To accomplish this, an image-based machine learning system needs two resources. The first is a training set of still images or video, which allows it to gain a suitably accurate understanding of objects and events that it might later need to recognize. The second is actionable imagery, such as CCTV footage.

From an economic standpoint, such a system must be designed to work with available material. Even if the image input has issues such as compression artifacts or low resolution, the AI must factor these limitations into its process.

This high level of fault tolerance, as it transpires, enables attackers to poison the input data and affect — or even command — the outcome of the AI’s analysis.

A malicious ghost in the machine

The term “adversarial attack” was first coined in a paper led by Google AI researcher Christian Szegedy in 2014. By subtly altering wildly differing test images from the ImageNet database, the researchers caused a machine learning system to misclassify them all as “ostrich” on an instance of the popular and respected AlexNet convolutional neural network.

Image Source

The left column shows the original ImageNet source images. The middle column shows the subtle matrix of differences applied by the researchers. The right column shows the final processed images, which were all classified as “ostrich.”

Not only was the procedure easily replicable, but, amazingly, it proved to be broadly transferable across different neural network models and configurations.

The attack is a misuse of a fundamental feature in the conceptual model of image-based machine learning systems, exploiting the process of elimination that the system uses when estimating which label to apply to an image.

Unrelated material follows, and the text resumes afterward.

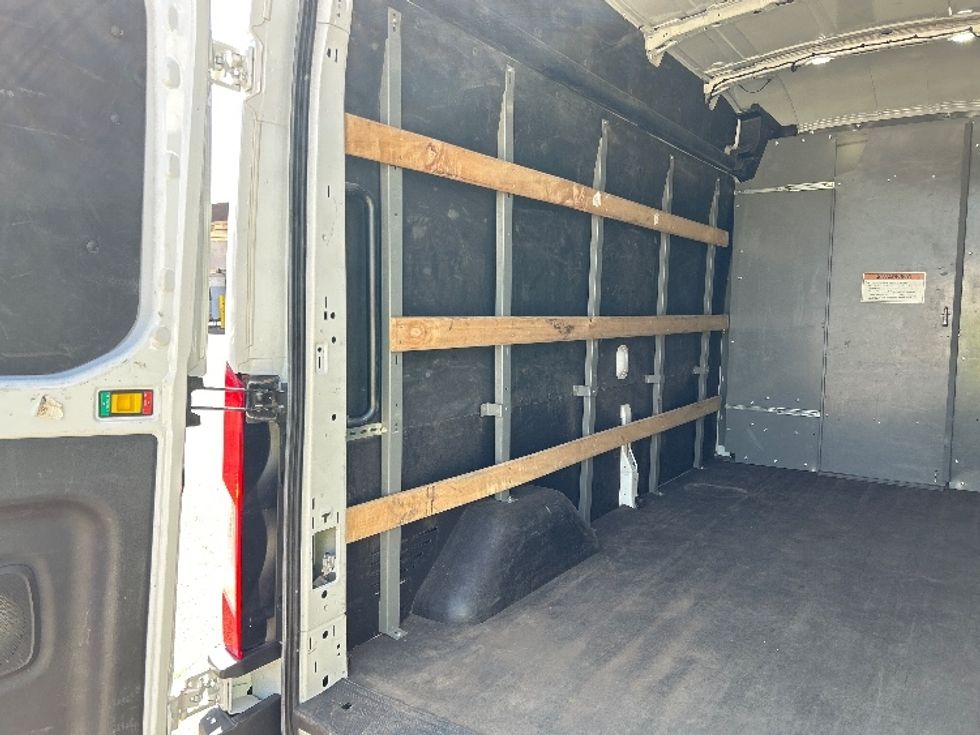 Cargo Van (Panel Van)-Light and Medium Duty Trucks-Ford-2022-Transit 250-Greeley-CO-81,608\n\t\tmiles-$ 37,750 - Image 10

Characteristics can be extracted from the image most likely to be classed as — for instance — an ostrich, and then applied imperceptibly to non-ostrich images so that these become classified as “ostrich.” The math powering the elimination routine allows an attacker to systematically push the poisoned image over the boundary into the target classification.

The level of visual “perturbation” in such adversarial images is so low that both the human eye and the neural network are trained to discount them as noise. But the neural network cannot do this since this noise is shaped as a distilled “hash” for an established (though incorrect) classification. Therefore, the machine abruptly closes the analysis routine and returns the wrong result, and the reductionist mathematics of the neural network is turned back on itself in the form of an attack.

Shock to the system

Szegedy’s discovery was doubly astounding because it revealed the linear nature of the higher dimensional space of deep network learning models. Until this point, neural networks were thought to possess little linearity at this level of operation — an eccentric feature that, ironically, should protect them from systematized attacks like this, and which in fact contribute to the controversial “black box” nature of artificial intelligence systems.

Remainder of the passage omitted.